Buildings too can be improved. With a better understanding of the necessity to become greener and more environmentally friendly, new technologies can allow buildings to become carbon neutral and cost effective. The initial investment will lead to large long term gains to not only competitiveness but also sustainability.
But upgrading old buildings to make them more environmentally friendly can damage them according to the Society for the Protection of Ancient Buildings. Furthermore, the thought that we replace some of these old buildings or clear them and create enterprise zones or business areas often met with great resistance.
Progression is hampered further by extensive planning restrictions, large amounts of red tape and a difficulty to upgrade or modernise old buildings. These restrictions certainly impact on economies, especially those weaker ones in the regions, when faced with competition from around the world. Cities need a large scale modernisation to boost their potential but tradition and historical preservation can impede this.

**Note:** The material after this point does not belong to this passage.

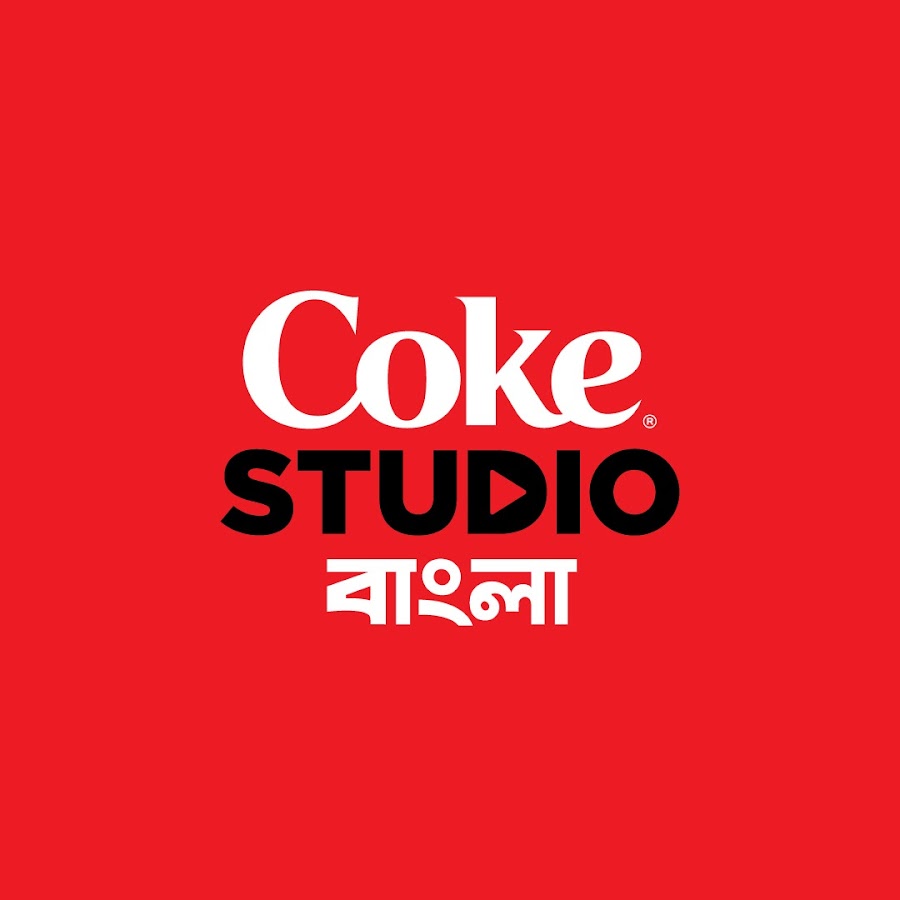 Coke Studio Bangla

The Centre for Cities’ report, ‘Sunderland: The Challenges for the Future,’ recommends phased regeneration, improvement to infrastructure/transport and further investment are all vital – these are restrained often by physical historical preservation.
Looking at historical preservation in the tradition/behavioural sense then we are posed with new obstacles. In general, people want progression, they want an improvement to their lives and they want their children to have a better life than they did. But a natural scepticism to change means large scale changes of any nature can be hampered especially where there is a need to augment the skillset.
Furthermore, attachment to certain buildings or areas based upon historical importance is irrational when looking at it in an economic sense, especially one which looks at the return on investment ratios.
But we should devalue these economically irrational feelings at our peril.
Cities are comprised of many individual communities; communities which are built upon traditions, relationships, family, ethics, religion. The attachment to these common ties is what holds them together and allows people to continue to live and work. Yes, people need jobs and yes communities need investment but ignoring the importance that people attach to this sense of tradition will break up communities and devalue the broader life they live.
I would couch that this will have a larger negative effect than the benefits ‘pure’ development and progression would bring. Traditions and historical preservation provides people with a direct stake in their community – removing this would be dangerous to society.
In sum, it is important for cities to harness new technologies and to modernise skillsets where possible in order to stay competitive and ensure sustainability in a global market. However, the importance of historical preservation is that it holds communities together and empowers people by creating a stake in society.
Future city growth, therefore, does not depend upon solely ‘modernisation’ or solely ‘historical preservation’ but rather on how to extract the benefits of them coexisting.